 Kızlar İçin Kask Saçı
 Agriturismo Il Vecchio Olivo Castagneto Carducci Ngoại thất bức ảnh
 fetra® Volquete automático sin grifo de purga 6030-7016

------------------------------------------------------------

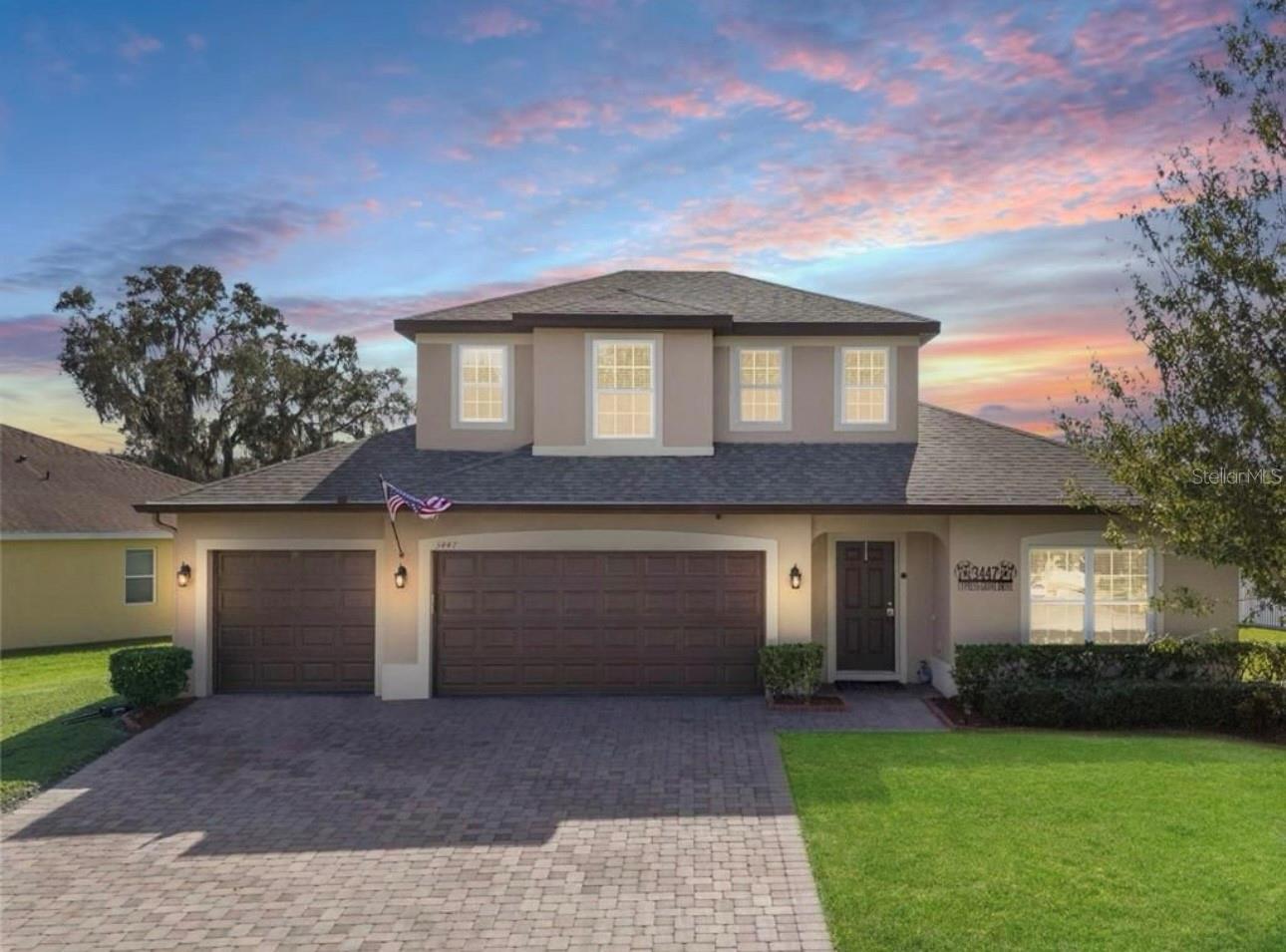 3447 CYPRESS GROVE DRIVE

------------------------------------------------------------

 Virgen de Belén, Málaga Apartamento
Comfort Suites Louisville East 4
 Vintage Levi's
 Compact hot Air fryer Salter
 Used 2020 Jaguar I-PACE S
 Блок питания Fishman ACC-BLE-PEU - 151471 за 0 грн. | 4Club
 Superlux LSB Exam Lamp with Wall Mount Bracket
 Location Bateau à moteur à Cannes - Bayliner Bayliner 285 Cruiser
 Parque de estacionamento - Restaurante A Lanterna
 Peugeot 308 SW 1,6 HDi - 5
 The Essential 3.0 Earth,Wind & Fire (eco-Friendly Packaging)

------------------------------------------------------------

WHAT YOU WILL DO> From the material above, set down exactly the lines between the line holding "Kızlar İçin Kask Saçı" and the line holding "fetra® Volquete automático", inclusive. Include nothing else.

RESPONSE TO THIS TASK>
 Kızlar İçin Kask Saçı
 Agriturismo Il Vecchio Olivo Castagneto Carducci Ngoại thất bức ảnh
 fetra® Volquete automático sin grifo de purga 6030-7016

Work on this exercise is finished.